DATASET RECORDS:

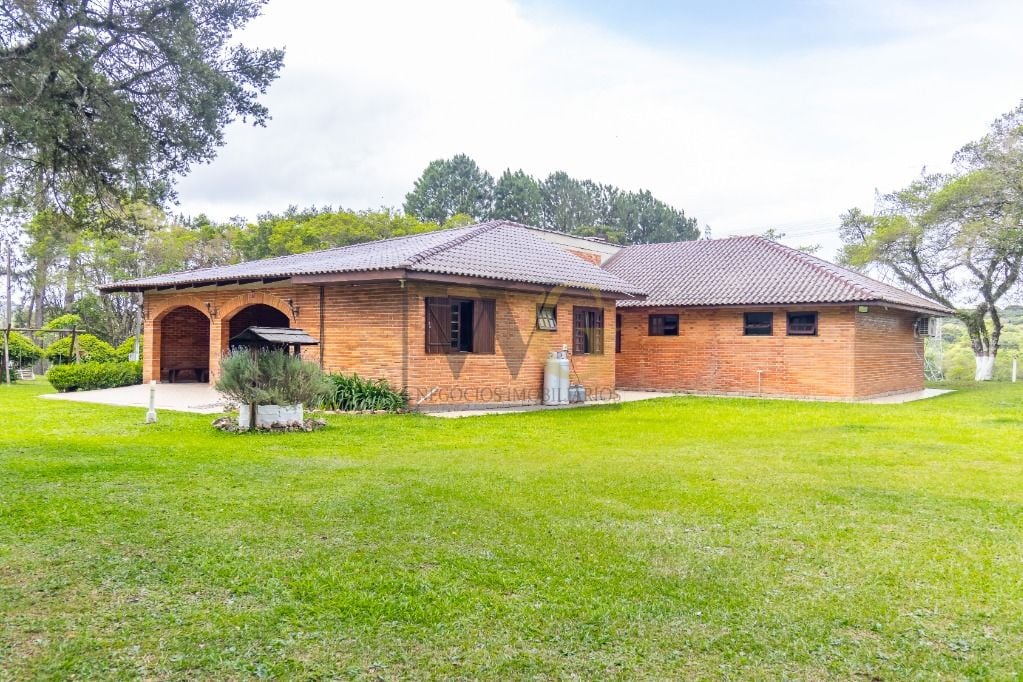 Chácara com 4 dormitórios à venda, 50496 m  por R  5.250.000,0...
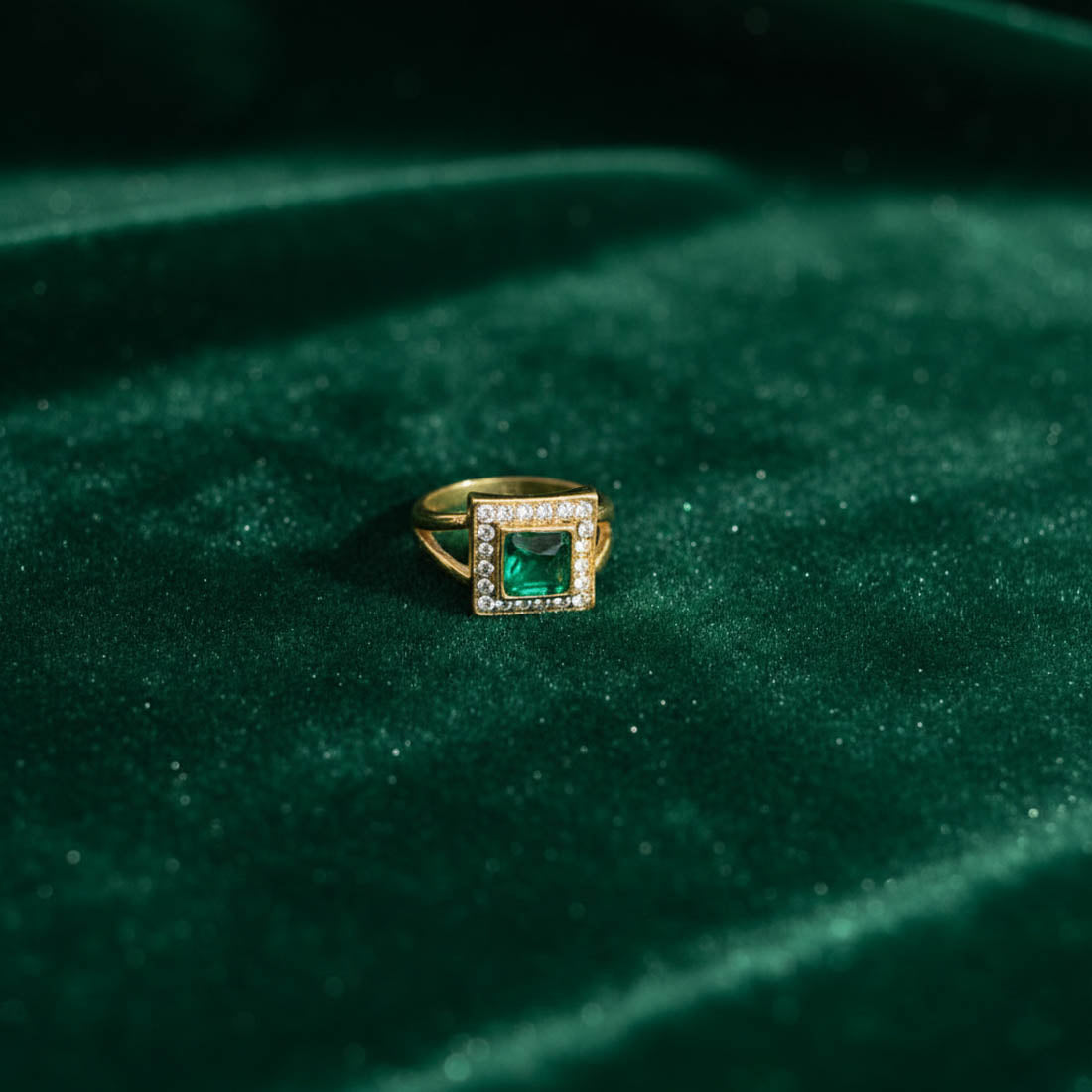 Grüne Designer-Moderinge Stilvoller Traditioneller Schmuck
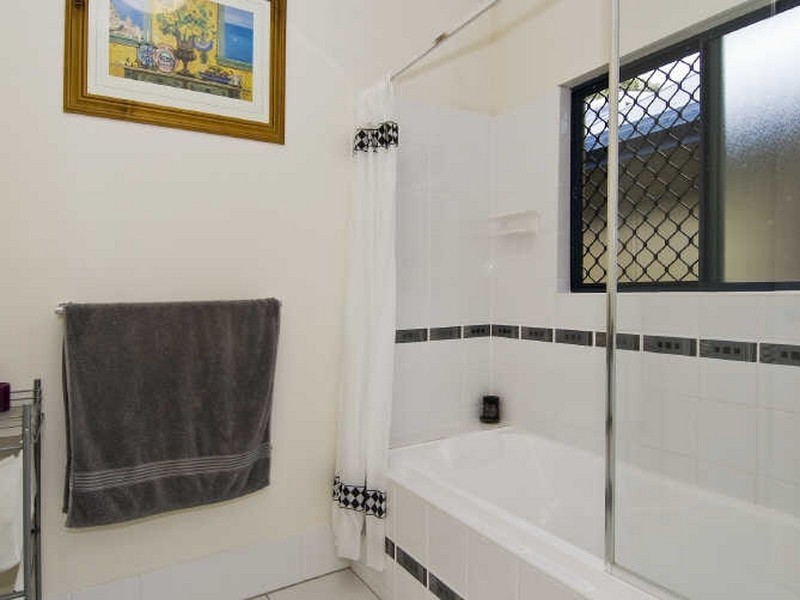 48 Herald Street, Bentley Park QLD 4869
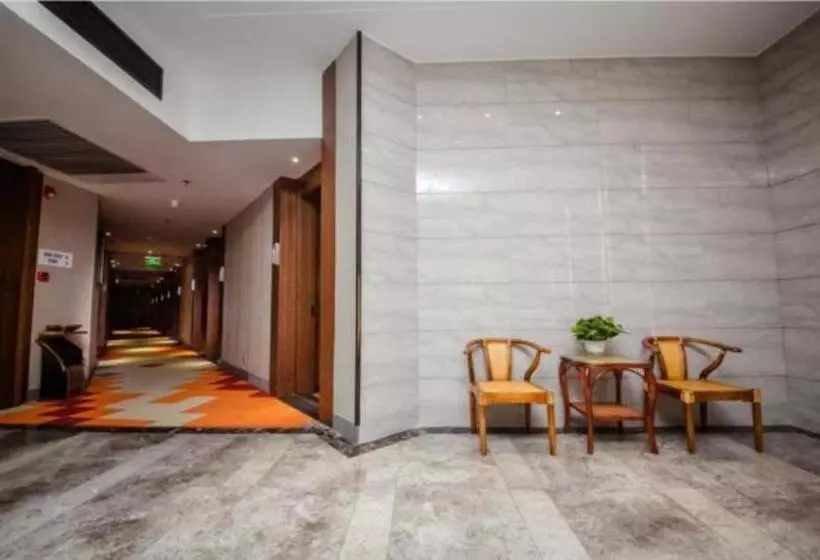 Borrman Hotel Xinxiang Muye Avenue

==

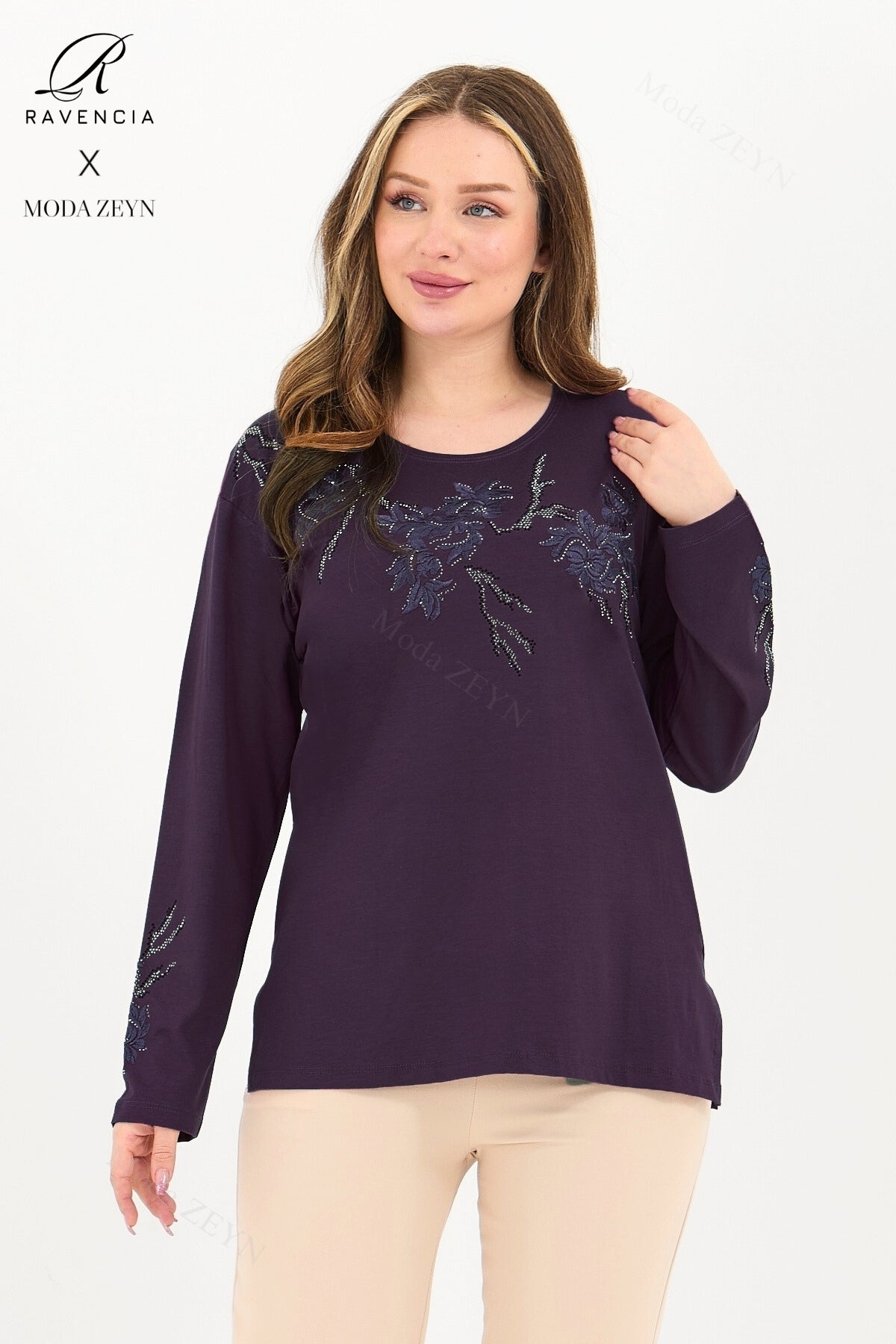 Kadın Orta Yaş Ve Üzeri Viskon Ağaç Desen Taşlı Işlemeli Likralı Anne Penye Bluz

ASSIGNED TASK: Only the lines between the one with "48 Herald Street, Bentley Park QLD 4869" and the one with "Borrman Hotel Xinxiang Muye Avenue", those two included, get copied from the material above. Keep it exact and free of pictures.

THE COMPLETED TASK:
 48 Herald Street, Bentley Park QLD 4869
 Borrman Hotel Xinxiang Muye Avenue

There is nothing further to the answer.